## Work order
Among the records that follow, find the line with "Senator Hand Date" and the line with "Grande pelle à". Set down those lines and all lines between them exactly, without adding anything.
START Available data
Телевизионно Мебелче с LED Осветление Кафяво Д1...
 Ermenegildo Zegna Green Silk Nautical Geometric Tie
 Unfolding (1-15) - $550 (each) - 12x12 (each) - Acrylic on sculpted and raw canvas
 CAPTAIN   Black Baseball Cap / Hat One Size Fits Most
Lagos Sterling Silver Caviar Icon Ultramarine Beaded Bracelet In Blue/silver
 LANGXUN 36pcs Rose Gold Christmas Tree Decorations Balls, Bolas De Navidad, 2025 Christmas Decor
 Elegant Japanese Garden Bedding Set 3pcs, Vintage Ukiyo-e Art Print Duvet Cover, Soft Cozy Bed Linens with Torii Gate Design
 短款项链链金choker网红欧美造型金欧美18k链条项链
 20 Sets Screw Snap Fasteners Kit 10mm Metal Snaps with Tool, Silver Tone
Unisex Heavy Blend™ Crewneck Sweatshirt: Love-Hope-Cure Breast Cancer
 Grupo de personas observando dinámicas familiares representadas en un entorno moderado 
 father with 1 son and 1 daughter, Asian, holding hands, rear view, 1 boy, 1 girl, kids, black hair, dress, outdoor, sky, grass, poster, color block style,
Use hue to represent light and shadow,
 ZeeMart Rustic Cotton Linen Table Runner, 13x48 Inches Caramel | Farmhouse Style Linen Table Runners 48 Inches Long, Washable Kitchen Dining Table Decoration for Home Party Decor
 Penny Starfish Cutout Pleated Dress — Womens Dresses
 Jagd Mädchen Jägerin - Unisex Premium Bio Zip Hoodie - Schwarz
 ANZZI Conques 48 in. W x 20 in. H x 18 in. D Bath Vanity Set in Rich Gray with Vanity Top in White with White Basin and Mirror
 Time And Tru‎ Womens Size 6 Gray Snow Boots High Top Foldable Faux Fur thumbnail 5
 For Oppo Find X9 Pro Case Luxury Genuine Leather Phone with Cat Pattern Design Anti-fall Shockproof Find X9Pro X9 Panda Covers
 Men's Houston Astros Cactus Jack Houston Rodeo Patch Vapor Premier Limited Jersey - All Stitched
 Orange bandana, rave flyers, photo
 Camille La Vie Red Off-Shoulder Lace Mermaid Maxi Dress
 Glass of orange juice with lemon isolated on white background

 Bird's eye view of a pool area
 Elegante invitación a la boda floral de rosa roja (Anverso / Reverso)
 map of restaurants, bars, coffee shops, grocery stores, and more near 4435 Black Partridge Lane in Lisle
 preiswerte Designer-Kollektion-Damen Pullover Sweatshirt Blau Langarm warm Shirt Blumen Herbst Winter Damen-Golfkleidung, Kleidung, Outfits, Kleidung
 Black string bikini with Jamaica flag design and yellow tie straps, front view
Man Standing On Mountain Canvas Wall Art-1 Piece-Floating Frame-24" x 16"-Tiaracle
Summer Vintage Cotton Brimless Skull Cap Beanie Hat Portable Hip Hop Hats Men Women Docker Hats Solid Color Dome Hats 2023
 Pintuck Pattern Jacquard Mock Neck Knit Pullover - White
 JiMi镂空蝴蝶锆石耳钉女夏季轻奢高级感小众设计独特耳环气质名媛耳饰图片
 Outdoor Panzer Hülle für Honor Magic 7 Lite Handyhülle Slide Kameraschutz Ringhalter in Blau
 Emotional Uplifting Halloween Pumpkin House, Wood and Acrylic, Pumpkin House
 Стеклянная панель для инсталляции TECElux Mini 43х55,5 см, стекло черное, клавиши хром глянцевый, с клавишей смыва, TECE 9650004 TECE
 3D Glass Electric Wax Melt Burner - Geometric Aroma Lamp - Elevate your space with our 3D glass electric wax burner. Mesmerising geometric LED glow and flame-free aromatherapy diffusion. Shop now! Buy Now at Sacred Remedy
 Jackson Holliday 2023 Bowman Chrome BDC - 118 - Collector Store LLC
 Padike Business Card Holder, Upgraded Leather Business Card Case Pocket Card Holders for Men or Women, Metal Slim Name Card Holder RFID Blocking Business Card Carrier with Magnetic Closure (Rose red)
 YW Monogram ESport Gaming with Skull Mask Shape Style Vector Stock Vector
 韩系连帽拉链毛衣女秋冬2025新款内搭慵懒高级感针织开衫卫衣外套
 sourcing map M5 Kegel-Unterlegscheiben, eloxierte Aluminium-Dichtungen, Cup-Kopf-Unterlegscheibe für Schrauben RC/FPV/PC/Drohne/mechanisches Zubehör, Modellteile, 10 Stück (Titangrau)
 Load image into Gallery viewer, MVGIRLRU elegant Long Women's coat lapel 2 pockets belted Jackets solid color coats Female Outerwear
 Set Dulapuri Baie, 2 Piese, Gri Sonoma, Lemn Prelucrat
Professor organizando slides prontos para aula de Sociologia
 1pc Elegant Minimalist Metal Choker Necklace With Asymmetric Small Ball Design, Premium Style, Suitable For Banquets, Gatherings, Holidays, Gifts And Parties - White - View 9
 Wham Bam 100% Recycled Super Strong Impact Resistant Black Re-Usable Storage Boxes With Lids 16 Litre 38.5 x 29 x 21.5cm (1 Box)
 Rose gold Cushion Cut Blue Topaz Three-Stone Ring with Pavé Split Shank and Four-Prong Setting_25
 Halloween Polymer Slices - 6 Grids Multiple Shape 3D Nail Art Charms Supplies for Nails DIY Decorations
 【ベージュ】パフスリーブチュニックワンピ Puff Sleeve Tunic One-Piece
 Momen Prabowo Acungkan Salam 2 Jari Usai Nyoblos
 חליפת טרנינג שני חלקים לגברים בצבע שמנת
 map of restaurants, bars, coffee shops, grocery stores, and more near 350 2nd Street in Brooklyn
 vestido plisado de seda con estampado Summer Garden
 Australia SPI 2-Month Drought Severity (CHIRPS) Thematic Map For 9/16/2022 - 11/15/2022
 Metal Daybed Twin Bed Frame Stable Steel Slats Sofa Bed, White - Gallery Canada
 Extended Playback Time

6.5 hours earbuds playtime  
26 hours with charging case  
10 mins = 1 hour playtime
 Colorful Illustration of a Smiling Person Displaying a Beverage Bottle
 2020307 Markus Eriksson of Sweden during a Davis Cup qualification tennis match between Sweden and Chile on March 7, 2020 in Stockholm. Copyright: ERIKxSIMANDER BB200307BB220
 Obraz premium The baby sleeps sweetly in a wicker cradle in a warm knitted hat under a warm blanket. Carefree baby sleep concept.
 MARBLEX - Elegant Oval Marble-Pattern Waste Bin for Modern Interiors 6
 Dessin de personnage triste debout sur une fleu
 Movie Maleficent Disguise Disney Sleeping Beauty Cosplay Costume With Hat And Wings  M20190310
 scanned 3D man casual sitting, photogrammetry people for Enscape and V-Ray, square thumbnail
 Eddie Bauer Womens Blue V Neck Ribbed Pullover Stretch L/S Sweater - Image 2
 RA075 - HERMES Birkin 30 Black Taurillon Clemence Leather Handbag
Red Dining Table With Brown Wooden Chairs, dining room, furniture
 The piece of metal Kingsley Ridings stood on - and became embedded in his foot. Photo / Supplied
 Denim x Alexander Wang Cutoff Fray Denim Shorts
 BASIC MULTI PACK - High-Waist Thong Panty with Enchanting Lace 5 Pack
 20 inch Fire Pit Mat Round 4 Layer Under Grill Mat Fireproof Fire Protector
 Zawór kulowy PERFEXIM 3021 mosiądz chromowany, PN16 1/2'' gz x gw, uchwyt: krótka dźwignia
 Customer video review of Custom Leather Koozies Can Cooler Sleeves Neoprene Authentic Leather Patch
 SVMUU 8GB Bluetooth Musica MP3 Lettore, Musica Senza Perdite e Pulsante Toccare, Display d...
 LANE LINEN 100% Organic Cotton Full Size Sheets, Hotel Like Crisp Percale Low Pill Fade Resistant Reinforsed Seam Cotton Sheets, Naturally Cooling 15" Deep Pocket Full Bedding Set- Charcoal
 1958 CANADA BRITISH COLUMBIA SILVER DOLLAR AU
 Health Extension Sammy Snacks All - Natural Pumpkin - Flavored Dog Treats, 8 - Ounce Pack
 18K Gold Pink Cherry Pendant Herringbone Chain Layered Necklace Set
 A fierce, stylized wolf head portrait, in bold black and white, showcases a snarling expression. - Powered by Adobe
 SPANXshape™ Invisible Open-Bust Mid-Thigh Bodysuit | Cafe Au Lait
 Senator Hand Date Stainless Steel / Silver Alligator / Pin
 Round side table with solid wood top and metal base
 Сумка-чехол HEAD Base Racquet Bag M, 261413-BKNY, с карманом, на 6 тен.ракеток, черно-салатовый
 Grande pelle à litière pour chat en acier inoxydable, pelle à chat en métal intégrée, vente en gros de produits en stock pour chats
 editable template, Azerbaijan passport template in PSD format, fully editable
END Available data
## Answer area
 Senator Hand Date Stainless Steel / Silver Alligator / Pin
 Round side table with solid wood top and metal base
 Сумка-чехол HEAD Base Racquet Bag M, 261413-BKNY, с карманом, на 6 тен.ракеток, черно-салатовый
 Grande pelle à litière pour chat en acier inoxydable, pelle à chat en métal intégrée, vente en gros de produits en stock pour chats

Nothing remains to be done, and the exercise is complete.